In today’s world, what is the place to go for someone who genuinely wants to know the truth?

Answer by Shaun Williamson

How do you know that you genuinely want to know the truth and why should that matter to anyone else except you? What have you done so far to find out the truth and what sort of truth are you interested in? How do you know that you are not just a lazy person who wants to waste his time by pretending to contemplate the universe? How do you know that you are not just suffering from depression? How many books have you read in the last year? What truths have you discovered in the last year?

You are certainly filled with many illusions. For example you seem to imagine that it is easy to go to university and to get funding for a PhD. Try it, its not as easy as you think. It takes lots of hard work.

By the way when you talk about ‘denouncing’ the world, what you really mean is ‘renouncing’ the world. There is no reason why anyone should want to pay for you to renounce the world, you may have to pay for that yourself.

In the past people who went to the forest had to be able to survive in the forest and that is not easy. However now that I have poured all this negativity down on your head here are three practical suggestions for you.

1. Join a Buddhist monastery and become a monk. However this isn’t easy and will involve getting up very early every morning.

2. Undertake some further education. Find a course in something that really interests you.

3. learn to play a musical instrument. I don’t mean try to learn to play a musical instrument. I mean learn to play to a very high level.
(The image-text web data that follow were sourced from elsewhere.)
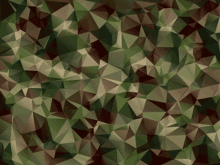 a camouflage pattern made up of triangles in different shades of green and brown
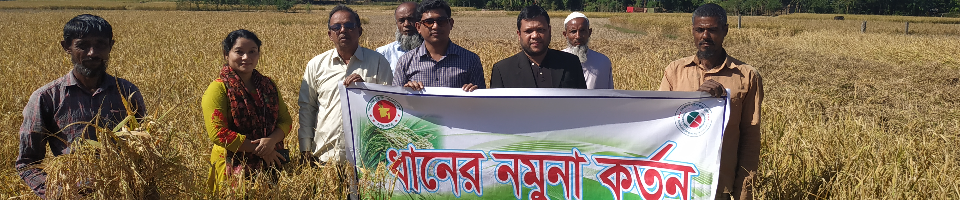 নমুনা শষ্য কর্তন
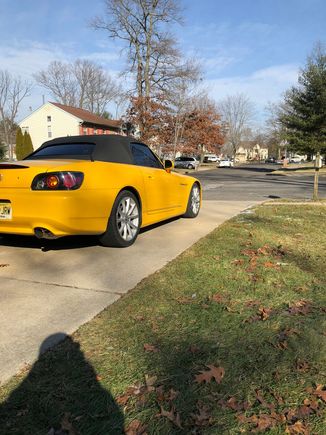 Took some time to wash her after the tint cured.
This will take extreme dedication and concentration for at least two years.

Answer by Helier Robinson

You need a ‘lonely job.’ A good example, which unfortunately does not exist anymore, is that of being a light-house keeper at some lonely outpost; you had to keep the light burning all night, but that was all. A lonely job in Canada is that of fire-watcher; you live at the top of a wooden tower, deep in the forest, miles away from anywhere, and you have to be on the lookout, all day and all summer, for smoke from a forest fire, so that you can radio in an early warning. Another kind of lonely job is working in the high Arctic, as a radio operator or a meteorologist. Lonely jobs usually give you lots of spare time to meditate on the truth, and as well pay well (because recruitment for them is difficult). So after a while you will be ready to return to civilisation, with enough money saved to go to university.

Answer by David Robjant

A prize question, though your remarks on forests and the funding of PhDs seem both wide of the mark. In fact doing philosophy need not require a private workshop, not even a roofless one. But doing philosophy does need moments of silence and access to the fruits of human intelligence, such as it is. If you are sufficiently well resourced to be able to live in a major city, membership of something like the British Library would be option A, meeting both requirements. Otherwise the internet is plan B, meeting about 20% of one requirement thus far, and I hope you look forward to open access as much as I do:

http://epetitions.direct.gov.uk/petitions/1844

One thought on “Where to pursue the quest for truth

  1. No doubt, the truth we are searching for is not in the forest. Nor that the truth was there in the forest and Buddha went there to discover that.
    It is neither a place nor an object in a particular place that we are searching for, when we are seeking to know the meaning of life or truth of reality. .
    .No need to go to forest or a place equivalent to forest, if one is serious about any truth of life or reality.